La Bosnia Erzegovina ha grandi problemi ambientali, non solo quello dell’aria. Abbiamo discariche che emettono un’enorme quantità di gas che crea enormi problemi di salute. La discarica municipale di Sarajevo è stata costruita dopo la guerra, poi dopo il 2008 ha iniziato a saturarsi, oggi nel raggio di alcuni chilometri quotidianamente gli abitanti sono travolti dai miasmi. E poi abbiamo discariche selvagge sparse peri il paese. Il 30 per cento della popolazione bosniaca non è coperto dalla raccolta dei rifiuti.
In tutto questo, abbiamo una strategia dell’UE per i Balcani Occidentali che non ha un punto sull’ambiente. Ci sono energia, migranti, cooperazione internazionale, formazione, ma non c’è l’ambiente.
E abbiamo un governo che ci continua a dire "Ma per risolvere questo servono soldi. E non ci sono". Eppure costruiamo autostrade. Adesso si stanzieranno alcune centinaia di milioni di marchi, per la costruzione di nuove autostrade. Esiste uno studio dell’Agenzia Giapponese per lo Sviluppo del 2001, secondo cui l’unico tracciato davvero utile nel territorio bosniaco è la Sarajevo-Zenica. Eppure ora si costruisce oltre Zenica, 4 chilometri di autostrada costano 67 milioni di euro, e si fa in modo di garantire il guadagno al costruttore. Se non c’è abbastanza traffico, risana lo stato. E naturalmente non ci sarà abbastanza traffico, quindi dovremo pagare noi.
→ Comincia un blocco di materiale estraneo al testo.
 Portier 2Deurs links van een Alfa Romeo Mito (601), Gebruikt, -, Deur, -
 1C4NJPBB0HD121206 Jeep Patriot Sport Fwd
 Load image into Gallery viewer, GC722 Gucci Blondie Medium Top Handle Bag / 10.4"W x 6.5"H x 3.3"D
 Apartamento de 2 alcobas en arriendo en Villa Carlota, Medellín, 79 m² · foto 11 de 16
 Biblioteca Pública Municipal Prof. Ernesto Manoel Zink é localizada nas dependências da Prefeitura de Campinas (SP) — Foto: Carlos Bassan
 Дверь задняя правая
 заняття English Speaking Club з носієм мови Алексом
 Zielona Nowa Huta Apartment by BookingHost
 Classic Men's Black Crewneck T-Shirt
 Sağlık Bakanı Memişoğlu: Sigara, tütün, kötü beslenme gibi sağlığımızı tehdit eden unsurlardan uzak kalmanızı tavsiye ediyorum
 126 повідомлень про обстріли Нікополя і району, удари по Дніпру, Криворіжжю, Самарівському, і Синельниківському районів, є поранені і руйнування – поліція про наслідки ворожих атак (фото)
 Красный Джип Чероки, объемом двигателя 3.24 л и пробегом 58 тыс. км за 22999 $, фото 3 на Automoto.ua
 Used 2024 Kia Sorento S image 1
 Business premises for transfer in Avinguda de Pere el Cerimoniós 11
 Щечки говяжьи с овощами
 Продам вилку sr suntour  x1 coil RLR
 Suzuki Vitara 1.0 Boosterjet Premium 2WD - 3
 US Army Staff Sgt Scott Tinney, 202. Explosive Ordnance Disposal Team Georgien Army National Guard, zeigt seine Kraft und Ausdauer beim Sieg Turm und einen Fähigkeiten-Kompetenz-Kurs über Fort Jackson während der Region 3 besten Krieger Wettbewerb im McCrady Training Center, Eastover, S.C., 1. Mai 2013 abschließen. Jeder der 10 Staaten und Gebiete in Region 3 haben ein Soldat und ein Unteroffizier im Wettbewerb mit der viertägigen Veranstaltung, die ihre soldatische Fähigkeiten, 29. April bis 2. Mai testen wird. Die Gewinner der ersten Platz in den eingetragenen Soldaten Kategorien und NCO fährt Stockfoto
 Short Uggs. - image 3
Un altro esempio: ogni mattina da Vogošča [sobborgo di Sarajevo ndA] al centro città c’è una coda terribile, la sera in senso inverso. Ogni giorno su quella strada passano circa 30.000 veicoli. Ora il governo vuole costruire una strada Vogošča-centro che costerà circa 150 milioni di euro. Con quei soldi potrebbero riammodernare la linea del tram e quella ferroviaria, acquistare nuovi mezzi.
La sostanza è che le città ormai vengono viste come un insieme di immobili con cui si deve guadagnare, e non come un luogo in cui vivono persone con i propri bisogni. Questo è il problema principale.